**DESCRIPTION OF THE TASK:** What is needed is an exact copy of every entry below, with the pictures left out.

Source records
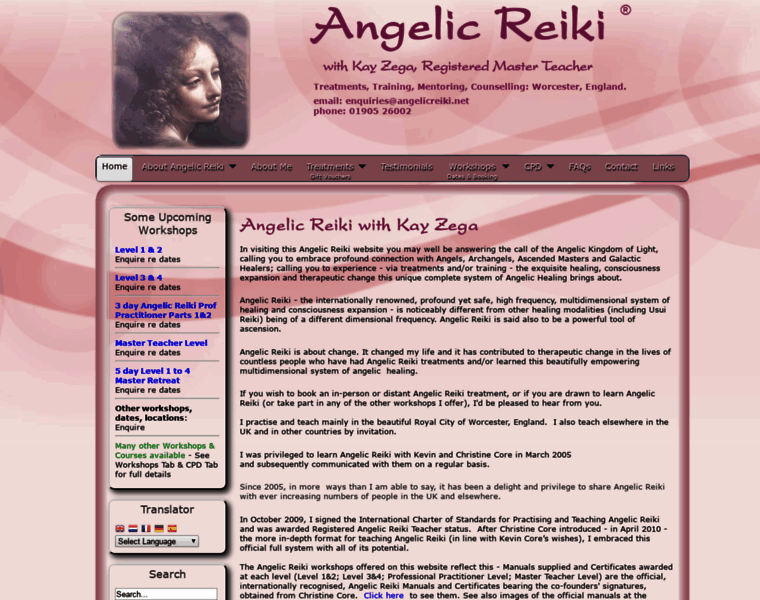 Angelicreiki.net thumbnail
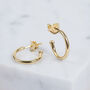 Manhattan Gold Plated Hoop Earrings, thumbnail 1 of 5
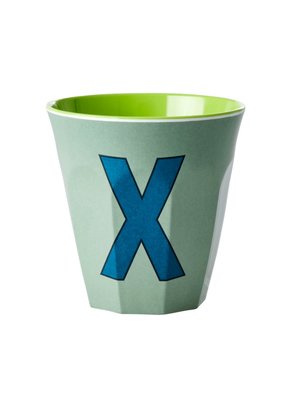 Rice Melamine beker letter X khaki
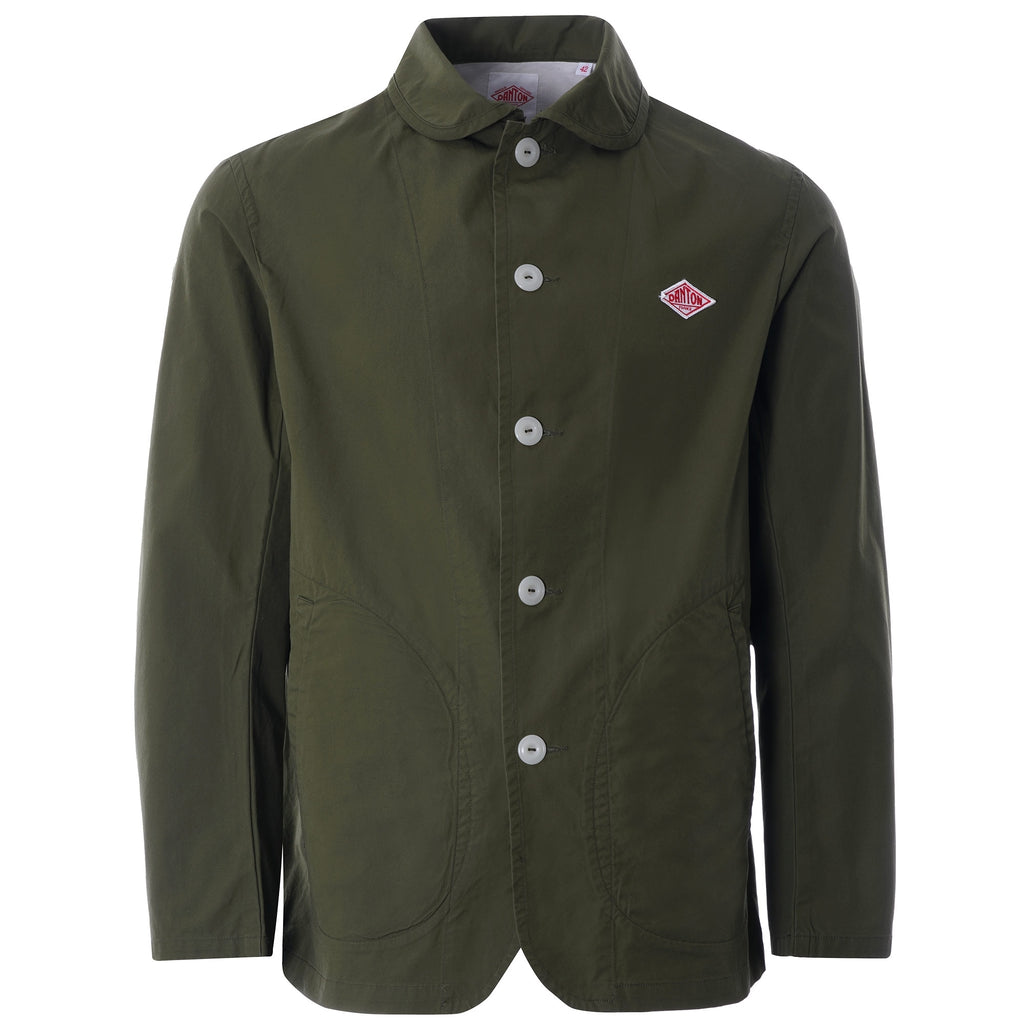 Rounded Collar Jacket - Olive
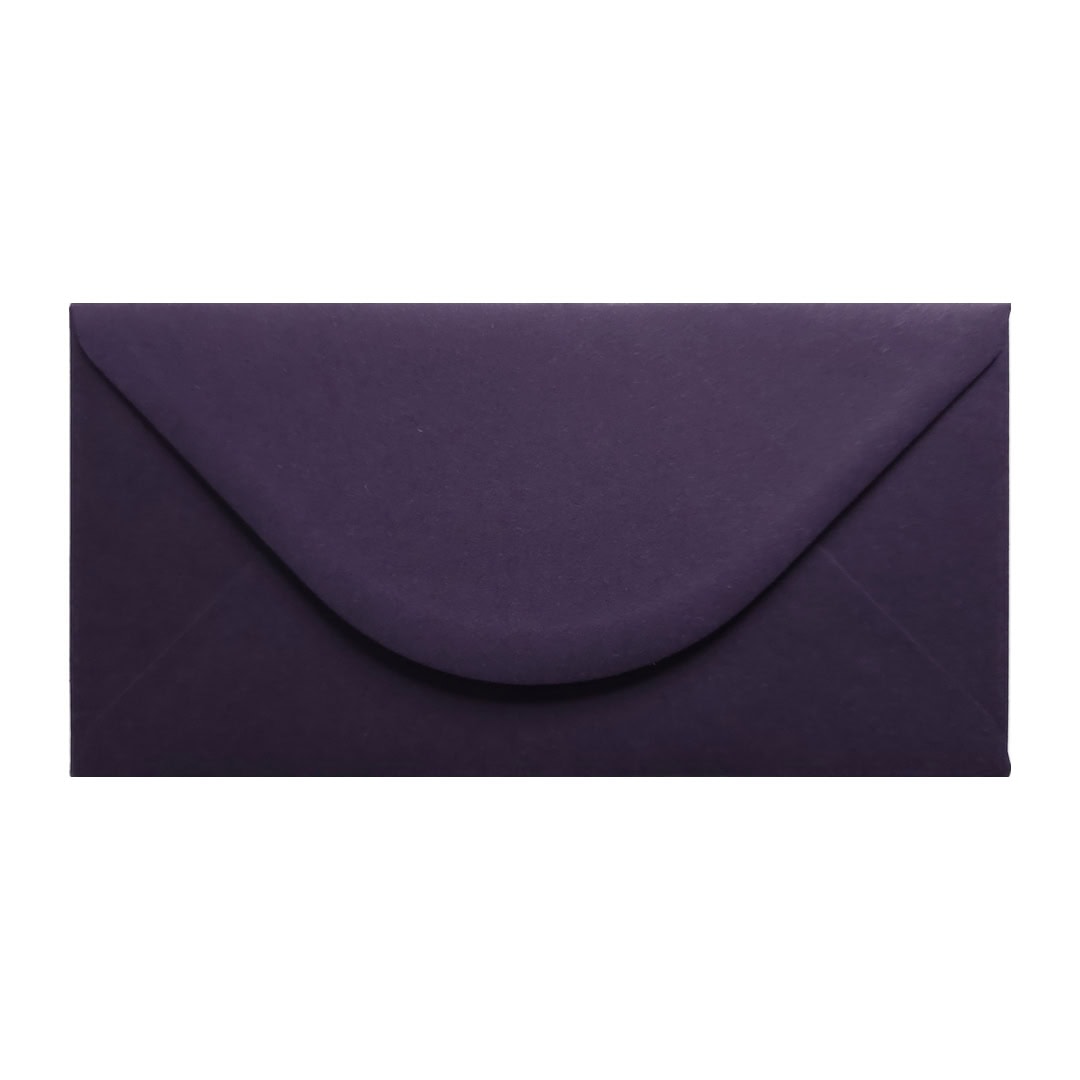 Aubergine 110mm x 220mm Envelope. Purple 135gsm DL Envelope. Gummed.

**YOUR SOLUTION:**
 Angelicreiki.net thumbnail
 Manhattan Gold Plated Hoop Earrings, thumbnail 1 of 5
 Rice Melamine beker letter X khaki
 Rounded Collar Jacket - Olive
 Aubergine 110mm x 220mm Envelope. Purple 135gsm DL Envelope. Gummed.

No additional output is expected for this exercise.